__DATA__

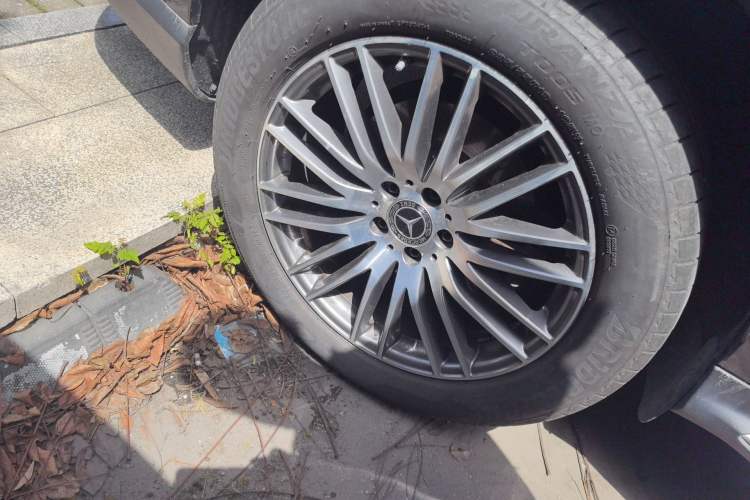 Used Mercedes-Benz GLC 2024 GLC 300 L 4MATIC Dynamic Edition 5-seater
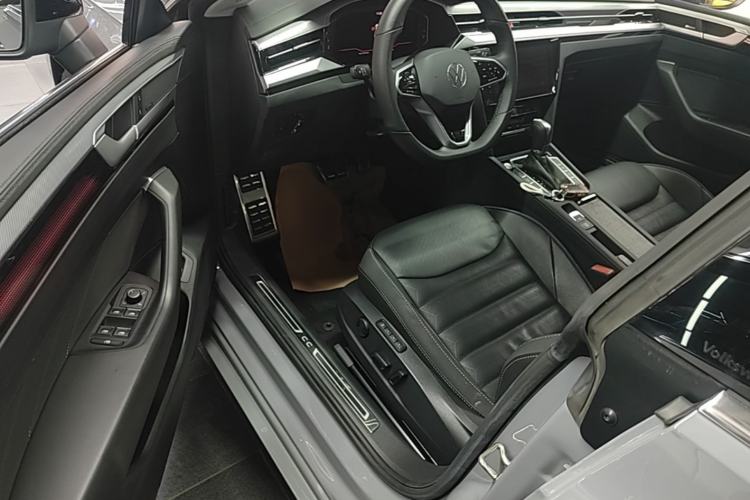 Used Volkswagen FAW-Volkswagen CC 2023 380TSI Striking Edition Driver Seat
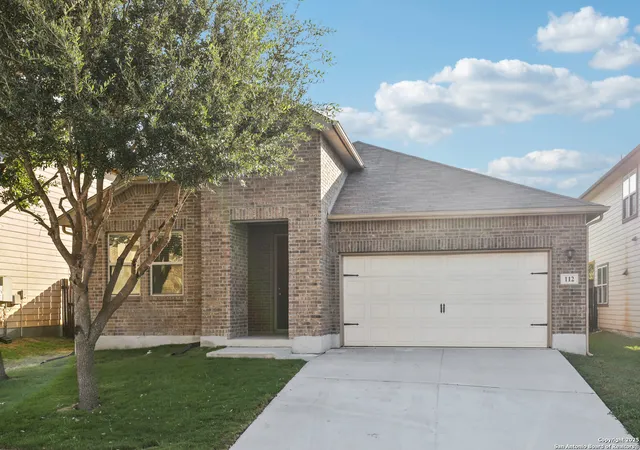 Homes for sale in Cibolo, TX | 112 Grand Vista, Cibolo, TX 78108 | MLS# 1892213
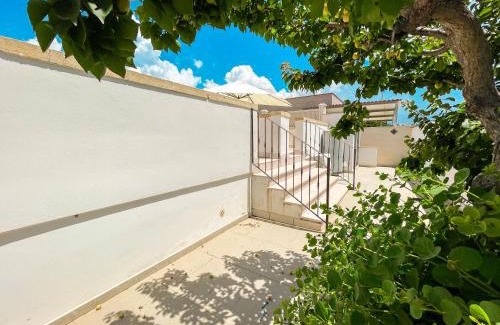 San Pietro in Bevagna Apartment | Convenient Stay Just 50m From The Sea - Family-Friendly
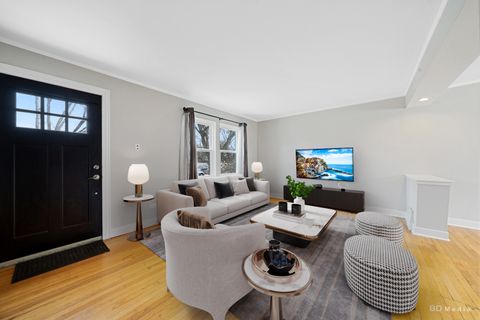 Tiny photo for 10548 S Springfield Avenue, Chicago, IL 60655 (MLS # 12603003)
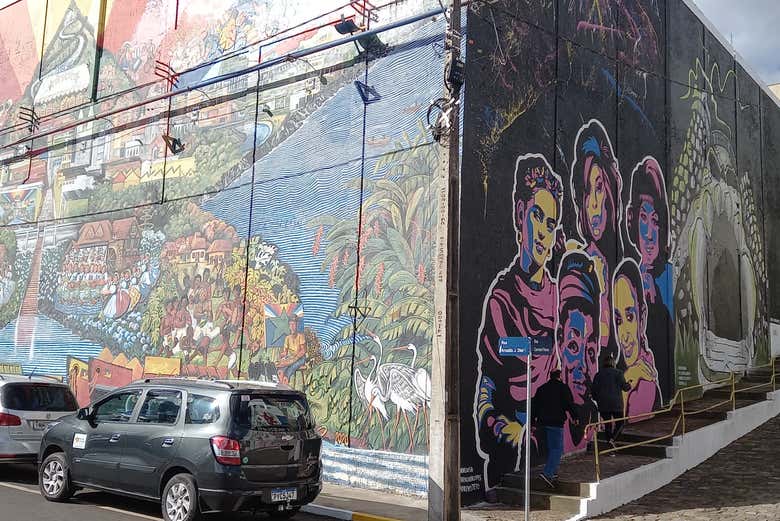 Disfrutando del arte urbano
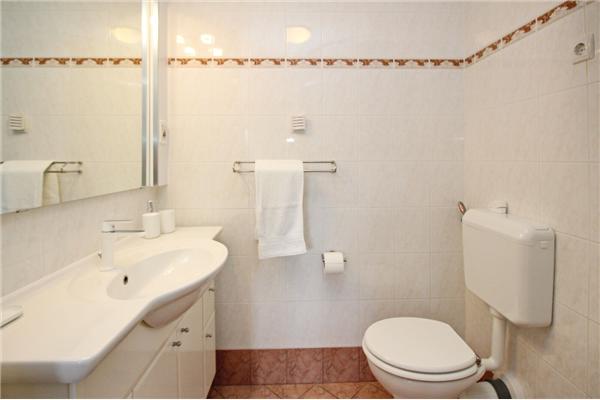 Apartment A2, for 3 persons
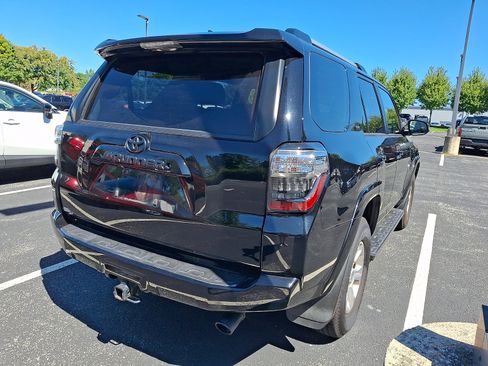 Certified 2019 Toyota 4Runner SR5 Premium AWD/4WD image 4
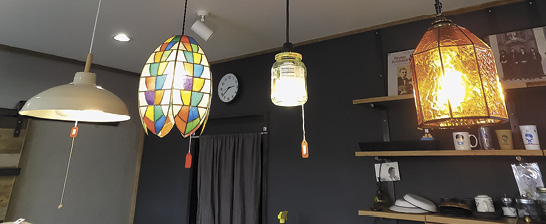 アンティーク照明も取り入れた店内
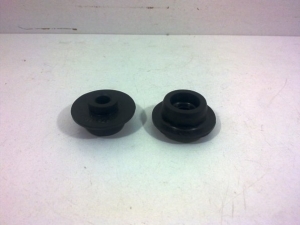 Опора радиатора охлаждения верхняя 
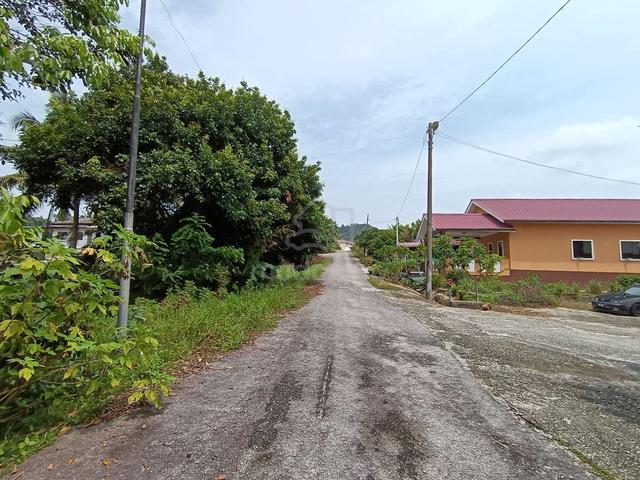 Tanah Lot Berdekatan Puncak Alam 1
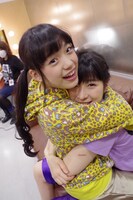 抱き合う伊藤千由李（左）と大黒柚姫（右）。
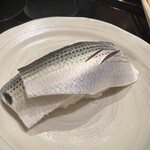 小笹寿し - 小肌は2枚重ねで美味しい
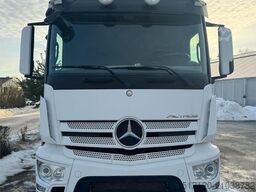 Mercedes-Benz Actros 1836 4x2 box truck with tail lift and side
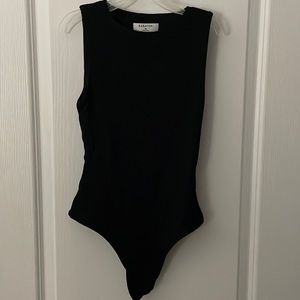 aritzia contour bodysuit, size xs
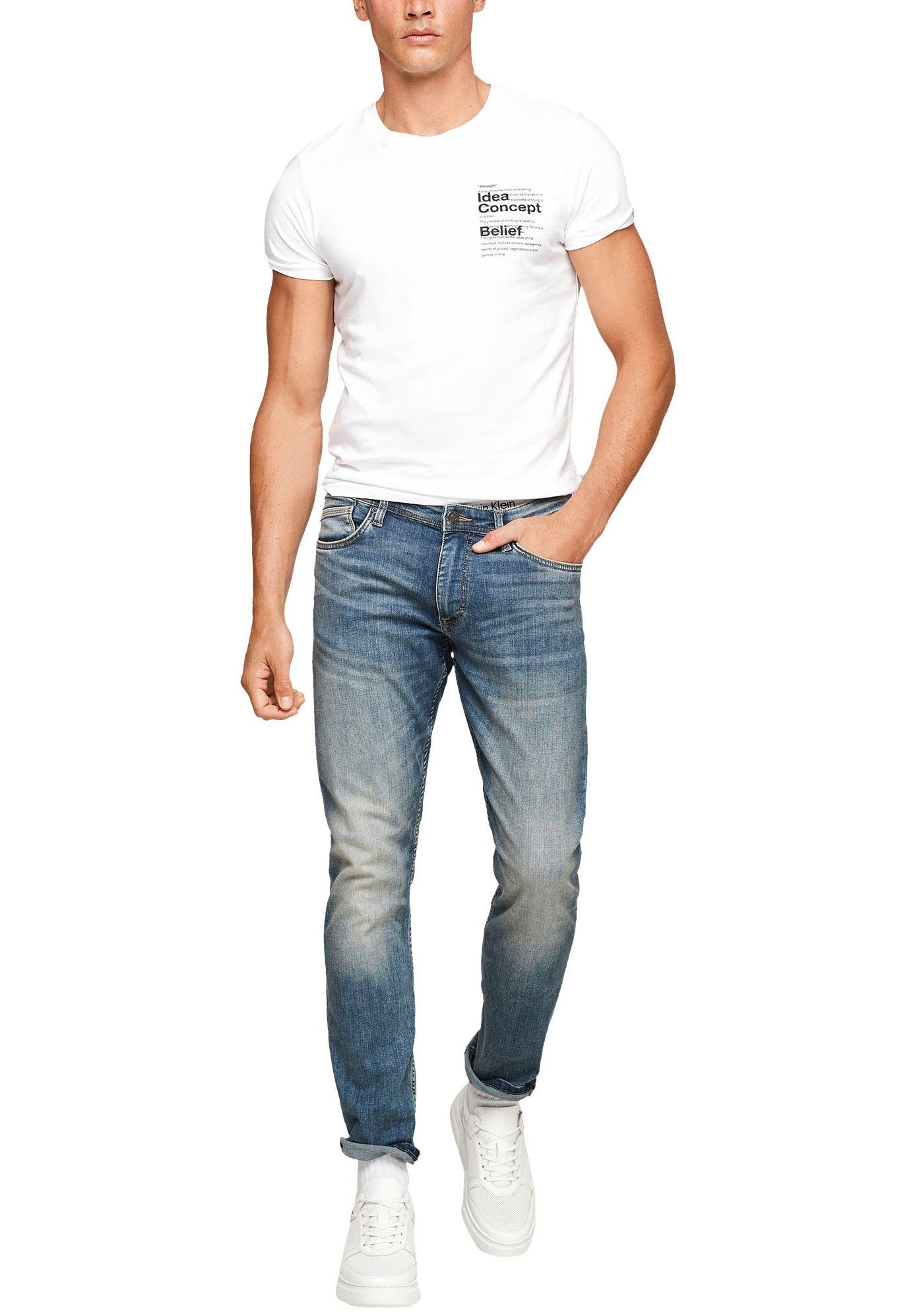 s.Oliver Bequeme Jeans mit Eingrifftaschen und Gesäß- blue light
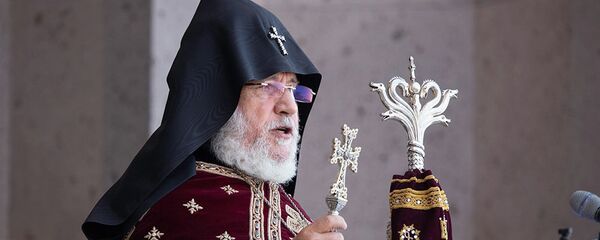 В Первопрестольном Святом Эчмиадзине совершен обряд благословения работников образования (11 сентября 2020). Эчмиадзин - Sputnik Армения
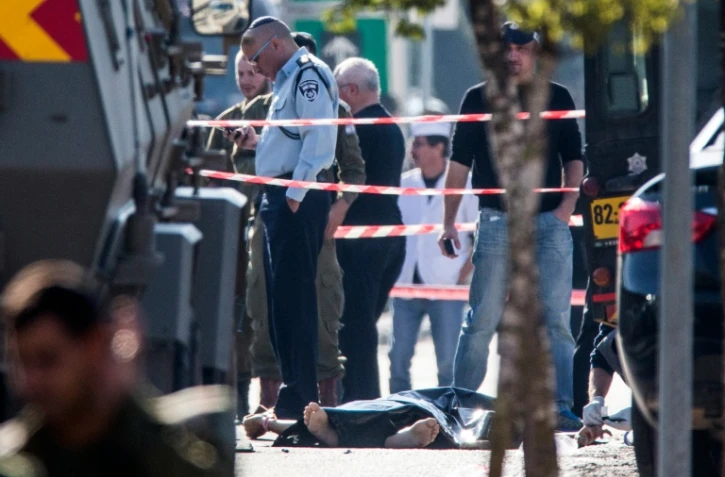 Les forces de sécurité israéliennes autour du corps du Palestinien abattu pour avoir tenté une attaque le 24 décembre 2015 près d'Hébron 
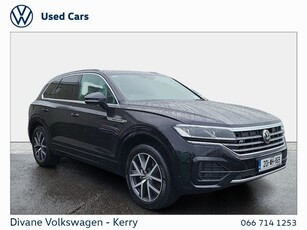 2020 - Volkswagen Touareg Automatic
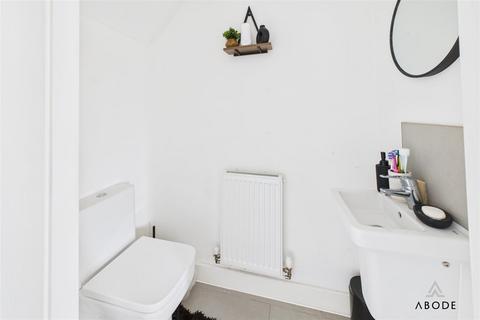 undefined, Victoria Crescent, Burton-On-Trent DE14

__WHAT TO PRODUCE__
Here the job is to retype exactly the lines that start at the one containing "2020 - Volkswagen Touareg Automatic" and run through the end of the records above, leaving out pictures.

__ANSWER SPACE__
 2020 - Volkswagen Touareg Automatic
 undefined, Victoria Crescent, Burton-On-Trent DE14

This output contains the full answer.